The internal guidance reiterates what the Internal Revenue Manual (IRM) 8.1.1.6.4(2) has made clear for years, she said – that taxpayers may informally request ACMs, and they are not categorically exempt from disclosure.
The ACM is a written analysis in which an Appeals officer details the facts, legal conclusions, and rationale behind their proposed resolution. Management must review ACMs before a settlement is final. Historically, Appeals shares the ACM with the IRS examination division to help inform future enforcement actions, Collins said.
However, she said she has heard from both taxpayers and tax practitioners that Appeals often cites an “alleged policy” against issuing ACMs when it refuses to release the memos.
When that happens, “taxpayers may be left without a clear understanding of why their appeal was decided a certain way or what was shared with the IRS compliance team,” Collins wrote.
Collins has raised the issue of taxpayer accessibility to ACMs in multiple Annual Reports to Congress and in her blog, saying that withholding the ACMs from taxpayers “undermines both the independence and transparency of Appeals.”
Melissa Wiley, a tax controversy attorney and a partner at Kostelanetz LLP, said she had not asked for ACMs in the past mainly because she and other practitioners “have grown weary of asking the IRS for things that (1) take many months to be shared, and (2) are mostly redacted if/when you get a copy.”
The IRS’s refusal to provide ACMs to taxpayers is one of the operational issues “that have caused taxpayers to view Appeals as less than independent,” Wiley said in an email. “Appeals is supposed to take a fresh look at cases and consider them without favor to one side or the other.
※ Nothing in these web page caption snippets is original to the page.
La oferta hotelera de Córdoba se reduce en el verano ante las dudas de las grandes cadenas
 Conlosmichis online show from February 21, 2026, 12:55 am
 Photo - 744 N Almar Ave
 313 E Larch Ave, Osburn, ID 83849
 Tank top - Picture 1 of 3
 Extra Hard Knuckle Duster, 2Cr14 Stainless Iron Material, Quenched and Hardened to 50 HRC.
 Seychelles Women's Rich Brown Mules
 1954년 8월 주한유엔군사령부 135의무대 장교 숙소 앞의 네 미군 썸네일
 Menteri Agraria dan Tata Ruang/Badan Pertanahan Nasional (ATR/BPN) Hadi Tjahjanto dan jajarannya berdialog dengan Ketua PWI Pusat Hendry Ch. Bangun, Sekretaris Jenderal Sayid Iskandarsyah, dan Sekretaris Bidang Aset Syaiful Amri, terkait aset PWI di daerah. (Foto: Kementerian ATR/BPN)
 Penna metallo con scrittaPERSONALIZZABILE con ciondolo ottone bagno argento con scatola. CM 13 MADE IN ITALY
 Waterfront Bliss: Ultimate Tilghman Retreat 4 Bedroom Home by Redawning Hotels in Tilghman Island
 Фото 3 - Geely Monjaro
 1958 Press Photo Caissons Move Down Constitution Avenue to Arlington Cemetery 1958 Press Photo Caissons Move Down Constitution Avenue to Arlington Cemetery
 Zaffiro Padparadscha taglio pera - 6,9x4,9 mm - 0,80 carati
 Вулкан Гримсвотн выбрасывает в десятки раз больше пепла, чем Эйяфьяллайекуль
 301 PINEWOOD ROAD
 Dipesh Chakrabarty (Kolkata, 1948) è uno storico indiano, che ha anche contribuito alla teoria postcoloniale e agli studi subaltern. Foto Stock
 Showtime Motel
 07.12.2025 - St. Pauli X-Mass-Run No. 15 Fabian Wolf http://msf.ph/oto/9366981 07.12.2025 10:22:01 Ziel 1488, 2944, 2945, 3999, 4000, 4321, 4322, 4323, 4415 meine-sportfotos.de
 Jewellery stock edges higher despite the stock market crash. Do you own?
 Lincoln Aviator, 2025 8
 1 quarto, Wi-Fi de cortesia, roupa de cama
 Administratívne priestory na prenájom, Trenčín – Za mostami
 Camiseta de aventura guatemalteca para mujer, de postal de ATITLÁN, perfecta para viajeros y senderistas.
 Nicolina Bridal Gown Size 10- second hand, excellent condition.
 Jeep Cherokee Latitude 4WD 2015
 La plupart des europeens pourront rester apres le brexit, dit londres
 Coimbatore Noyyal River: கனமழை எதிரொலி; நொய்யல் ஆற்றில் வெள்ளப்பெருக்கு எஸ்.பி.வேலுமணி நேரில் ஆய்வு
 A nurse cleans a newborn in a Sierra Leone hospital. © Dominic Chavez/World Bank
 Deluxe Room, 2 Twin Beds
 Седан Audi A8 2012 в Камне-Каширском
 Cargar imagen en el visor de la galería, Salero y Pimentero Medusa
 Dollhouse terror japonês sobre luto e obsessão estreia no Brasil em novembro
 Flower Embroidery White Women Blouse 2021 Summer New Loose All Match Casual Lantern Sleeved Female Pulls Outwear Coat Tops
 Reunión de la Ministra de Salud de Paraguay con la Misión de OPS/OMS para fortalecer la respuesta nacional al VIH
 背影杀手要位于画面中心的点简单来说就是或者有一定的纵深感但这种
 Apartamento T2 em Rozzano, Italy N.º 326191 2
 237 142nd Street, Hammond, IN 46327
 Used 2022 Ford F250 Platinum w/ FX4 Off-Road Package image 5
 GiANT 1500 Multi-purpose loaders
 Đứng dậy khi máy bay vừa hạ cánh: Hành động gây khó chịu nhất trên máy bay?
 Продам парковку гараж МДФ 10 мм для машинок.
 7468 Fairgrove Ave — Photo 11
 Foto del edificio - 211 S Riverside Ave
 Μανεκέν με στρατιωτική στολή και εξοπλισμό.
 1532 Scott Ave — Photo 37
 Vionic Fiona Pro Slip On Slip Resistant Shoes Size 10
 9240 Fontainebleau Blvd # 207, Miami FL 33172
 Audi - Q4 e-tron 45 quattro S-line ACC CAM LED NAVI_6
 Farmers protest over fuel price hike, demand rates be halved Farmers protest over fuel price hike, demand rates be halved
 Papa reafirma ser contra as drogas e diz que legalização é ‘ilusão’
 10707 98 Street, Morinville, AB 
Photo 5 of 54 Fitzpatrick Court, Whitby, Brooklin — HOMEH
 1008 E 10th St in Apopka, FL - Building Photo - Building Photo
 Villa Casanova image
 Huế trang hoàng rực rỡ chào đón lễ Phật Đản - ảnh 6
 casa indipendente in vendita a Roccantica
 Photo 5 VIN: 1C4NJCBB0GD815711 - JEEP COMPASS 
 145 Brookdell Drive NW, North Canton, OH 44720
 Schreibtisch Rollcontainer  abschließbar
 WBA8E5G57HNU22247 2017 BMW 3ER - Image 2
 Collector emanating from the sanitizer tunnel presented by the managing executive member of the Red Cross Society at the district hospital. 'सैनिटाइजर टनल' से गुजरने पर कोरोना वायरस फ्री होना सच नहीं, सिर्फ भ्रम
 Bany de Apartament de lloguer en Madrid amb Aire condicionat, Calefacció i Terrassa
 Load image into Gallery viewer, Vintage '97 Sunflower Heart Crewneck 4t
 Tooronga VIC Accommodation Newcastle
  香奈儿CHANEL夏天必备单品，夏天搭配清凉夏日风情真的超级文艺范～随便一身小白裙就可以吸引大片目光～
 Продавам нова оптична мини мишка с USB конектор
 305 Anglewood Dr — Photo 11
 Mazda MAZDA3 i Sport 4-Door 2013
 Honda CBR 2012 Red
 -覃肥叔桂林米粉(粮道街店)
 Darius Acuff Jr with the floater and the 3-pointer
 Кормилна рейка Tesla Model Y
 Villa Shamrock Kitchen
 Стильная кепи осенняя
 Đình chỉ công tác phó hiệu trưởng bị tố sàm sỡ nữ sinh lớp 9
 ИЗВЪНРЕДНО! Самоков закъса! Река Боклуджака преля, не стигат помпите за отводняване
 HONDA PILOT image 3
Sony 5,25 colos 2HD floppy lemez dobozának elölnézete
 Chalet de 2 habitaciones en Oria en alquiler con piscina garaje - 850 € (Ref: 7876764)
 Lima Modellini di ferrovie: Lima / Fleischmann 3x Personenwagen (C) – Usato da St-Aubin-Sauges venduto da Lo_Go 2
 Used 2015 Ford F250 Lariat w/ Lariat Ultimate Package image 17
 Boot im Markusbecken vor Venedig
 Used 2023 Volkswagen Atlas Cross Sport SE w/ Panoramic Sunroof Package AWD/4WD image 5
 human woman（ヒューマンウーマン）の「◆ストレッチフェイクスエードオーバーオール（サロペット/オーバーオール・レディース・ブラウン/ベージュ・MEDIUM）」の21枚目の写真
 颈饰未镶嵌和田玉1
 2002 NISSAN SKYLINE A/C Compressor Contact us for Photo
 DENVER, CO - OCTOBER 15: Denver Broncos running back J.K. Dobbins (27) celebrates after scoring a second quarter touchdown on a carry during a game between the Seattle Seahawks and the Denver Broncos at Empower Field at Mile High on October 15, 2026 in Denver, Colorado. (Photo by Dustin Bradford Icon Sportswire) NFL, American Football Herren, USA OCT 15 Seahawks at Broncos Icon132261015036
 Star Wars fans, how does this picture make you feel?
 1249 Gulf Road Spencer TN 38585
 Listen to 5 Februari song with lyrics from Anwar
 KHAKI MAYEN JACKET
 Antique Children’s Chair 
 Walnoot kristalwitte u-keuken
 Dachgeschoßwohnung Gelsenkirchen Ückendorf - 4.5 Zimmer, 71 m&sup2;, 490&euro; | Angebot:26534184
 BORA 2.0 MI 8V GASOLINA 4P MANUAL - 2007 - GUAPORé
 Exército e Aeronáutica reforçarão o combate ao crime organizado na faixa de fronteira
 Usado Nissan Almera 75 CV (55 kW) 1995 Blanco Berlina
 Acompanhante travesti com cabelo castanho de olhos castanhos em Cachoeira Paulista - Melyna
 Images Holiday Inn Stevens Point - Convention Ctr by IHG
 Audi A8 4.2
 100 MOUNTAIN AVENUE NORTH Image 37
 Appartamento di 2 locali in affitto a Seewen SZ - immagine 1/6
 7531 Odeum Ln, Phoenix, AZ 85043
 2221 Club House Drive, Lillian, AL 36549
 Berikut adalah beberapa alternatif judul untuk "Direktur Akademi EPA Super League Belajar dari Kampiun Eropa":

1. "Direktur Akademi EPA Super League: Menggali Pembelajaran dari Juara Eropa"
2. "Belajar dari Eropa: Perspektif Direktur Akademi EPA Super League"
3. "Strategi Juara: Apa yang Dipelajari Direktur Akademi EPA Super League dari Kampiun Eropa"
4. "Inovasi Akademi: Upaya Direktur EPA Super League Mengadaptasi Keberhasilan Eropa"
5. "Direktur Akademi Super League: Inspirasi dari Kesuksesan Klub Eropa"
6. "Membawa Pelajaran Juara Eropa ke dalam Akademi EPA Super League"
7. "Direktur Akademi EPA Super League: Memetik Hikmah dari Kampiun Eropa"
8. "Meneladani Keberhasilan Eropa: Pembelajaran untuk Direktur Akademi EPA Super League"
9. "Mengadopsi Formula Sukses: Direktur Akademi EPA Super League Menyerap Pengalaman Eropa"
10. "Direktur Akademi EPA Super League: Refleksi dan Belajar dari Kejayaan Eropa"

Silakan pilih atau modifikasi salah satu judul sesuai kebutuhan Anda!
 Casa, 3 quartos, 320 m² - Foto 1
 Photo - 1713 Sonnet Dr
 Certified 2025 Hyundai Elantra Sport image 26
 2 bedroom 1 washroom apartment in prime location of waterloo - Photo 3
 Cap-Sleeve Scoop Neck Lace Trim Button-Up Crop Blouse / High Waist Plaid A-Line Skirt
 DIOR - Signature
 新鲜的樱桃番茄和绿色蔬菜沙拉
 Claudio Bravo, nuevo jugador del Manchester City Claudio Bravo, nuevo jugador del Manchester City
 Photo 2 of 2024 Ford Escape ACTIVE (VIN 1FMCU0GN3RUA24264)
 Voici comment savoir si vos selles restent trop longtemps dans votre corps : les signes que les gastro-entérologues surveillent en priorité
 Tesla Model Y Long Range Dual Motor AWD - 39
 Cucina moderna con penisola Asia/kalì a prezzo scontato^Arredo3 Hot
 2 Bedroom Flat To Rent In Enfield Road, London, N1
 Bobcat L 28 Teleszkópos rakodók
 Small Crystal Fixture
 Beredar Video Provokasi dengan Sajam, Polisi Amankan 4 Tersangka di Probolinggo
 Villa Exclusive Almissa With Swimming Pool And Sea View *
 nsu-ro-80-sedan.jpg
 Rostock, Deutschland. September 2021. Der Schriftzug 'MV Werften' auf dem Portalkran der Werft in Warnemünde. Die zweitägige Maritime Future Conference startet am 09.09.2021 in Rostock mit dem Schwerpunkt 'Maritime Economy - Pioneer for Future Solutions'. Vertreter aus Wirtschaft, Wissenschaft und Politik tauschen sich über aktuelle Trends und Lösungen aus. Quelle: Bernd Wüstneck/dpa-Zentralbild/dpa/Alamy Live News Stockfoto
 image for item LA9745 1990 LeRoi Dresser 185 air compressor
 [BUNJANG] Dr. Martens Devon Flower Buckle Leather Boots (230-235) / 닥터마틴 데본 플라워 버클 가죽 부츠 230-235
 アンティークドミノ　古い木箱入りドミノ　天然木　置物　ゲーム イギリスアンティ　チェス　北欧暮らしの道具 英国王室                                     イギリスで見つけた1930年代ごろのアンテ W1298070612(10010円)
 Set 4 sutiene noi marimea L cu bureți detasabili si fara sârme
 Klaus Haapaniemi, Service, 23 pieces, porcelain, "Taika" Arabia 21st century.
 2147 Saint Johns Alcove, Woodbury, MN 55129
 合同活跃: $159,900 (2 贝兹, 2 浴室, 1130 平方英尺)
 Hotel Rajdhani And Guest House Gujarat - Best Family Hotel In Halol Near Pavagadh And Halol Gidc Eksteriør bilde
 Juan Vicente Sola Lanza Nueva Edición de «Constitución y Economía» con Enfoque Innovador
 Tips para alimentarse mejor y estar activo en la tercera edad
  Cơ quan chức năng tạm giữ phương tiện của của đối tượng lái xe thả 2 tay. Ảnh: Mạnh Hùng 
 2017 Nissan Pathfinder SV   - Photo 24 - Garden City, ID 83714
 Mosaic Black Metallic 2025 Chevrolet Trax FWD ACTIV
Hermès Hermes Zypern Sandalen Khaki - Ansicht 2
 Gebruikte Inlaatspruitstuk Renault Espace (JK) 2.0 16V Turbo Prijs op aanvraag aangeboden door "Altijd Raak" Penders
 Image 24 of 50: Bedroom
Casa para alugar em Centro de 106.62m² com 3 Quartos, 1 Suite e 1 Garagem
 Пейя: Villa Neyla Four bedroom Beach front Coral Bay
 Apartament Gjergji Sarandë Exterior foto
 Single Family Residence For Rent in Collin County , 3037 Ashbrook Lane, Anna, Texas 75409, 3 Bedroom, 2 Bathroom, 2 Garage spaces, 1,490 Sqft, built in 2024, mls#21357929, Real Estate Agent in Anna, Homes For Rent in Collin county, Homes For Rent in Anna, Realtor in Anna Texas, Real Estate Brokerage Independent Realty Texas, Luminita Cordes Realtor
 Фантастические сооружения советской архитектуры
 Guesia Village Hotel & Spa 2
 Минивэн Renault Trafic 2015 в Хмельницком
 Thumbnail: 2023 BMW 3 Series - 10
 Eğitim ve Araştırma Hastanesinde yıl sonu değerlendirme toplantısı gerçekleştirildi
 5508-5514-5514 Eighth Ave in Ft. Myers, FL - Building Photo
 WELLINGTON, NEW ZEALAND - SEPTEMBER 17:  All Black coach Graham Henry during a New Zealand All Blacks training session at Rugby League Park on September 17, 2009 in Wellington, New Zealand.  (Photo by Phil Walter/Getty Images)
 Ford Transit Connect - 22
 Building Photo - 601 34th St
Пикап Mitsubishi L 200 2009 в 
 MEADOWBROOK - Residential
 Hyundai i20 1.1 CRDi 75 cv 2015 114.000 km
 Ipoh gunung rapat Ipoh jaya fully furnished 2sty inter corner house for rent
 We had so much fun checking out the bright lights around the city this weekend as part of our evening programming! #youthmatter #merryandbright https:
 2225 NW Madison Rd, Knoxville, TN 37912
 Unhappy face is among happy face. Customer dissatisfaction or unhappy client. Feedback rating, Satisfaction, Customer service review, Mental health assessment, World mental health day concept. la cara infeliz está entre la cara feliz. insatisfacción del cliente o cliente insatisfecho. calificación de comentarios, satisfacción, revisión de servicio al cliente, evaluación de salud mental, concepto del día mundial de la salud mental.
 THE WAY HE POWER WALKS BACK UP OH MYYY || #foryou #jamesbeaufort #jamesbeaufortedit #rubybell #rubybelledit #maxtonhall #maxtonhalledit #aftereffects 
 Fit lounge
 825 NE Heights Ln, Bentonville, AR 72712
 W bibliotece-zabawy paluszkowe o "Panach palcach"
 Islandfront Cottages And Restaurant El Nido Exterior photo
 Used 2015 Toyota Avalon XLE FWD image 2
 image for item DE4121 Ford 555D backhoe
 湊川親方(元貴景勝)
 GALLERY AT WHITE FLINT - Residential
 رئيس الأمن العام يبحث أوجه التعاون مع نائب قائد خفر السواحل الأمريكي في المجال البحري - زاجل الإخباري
Yet Appeals summary of their reasoning on why they decided a case one way or another has only been shared with exam as a matter of course, not with both sides.”
Some parts that might be included in an ACM such as the IRS’s litigation strategy should not be shared with taxpayers, she said. But Appeals’ independent analysis of the strengths and weaknesses of a case should be shared, Wiley said.
“Erin is right that greater transparency will give taxpayers and their representatives a greater sense that Appeals truly is acting independently,” she said. “And the instruction to IRS employees to share ACMs without a FOIA (Freedom of Information Act) request means that unnecessary procedural hurdles will not be placed in the way.”
The guidance came in the form of an internal reminder about the existing policy, which does not go as far as Collins’s recommendations that Appeals automatically share ACMs at the close of each case.
However, the guidance “is an important course correction,” Collins said. “It puts Appeals employees on notice that blanket refusals to share ACMs are inconsistent with the IRM and inconsistent with taxpayer rights. It also sends a clear signal to taxpayers and their representatives that they have the right to ask for and receive this critical document.”
Collins said she will continue to advocate for automatic disclosure of ACMs in every case. In addition, she recommends that Appeals:
- Track fulfillment of ACM requests and develop internal metrics to evaluate how Appeals is implementing the policy.
- Limit redactions to truly sensitive or privileged content, ensuring the rest of the memo remains intelligible and informative.
- Inform taxpayers of their right to request the ACM through standard Appeals correspondence and public-facing materials.
- Alternatively, have the ACM as an internal document solely for the purpose of documenting the basis of the settlement and receiving manager approval and not share it with the IRS.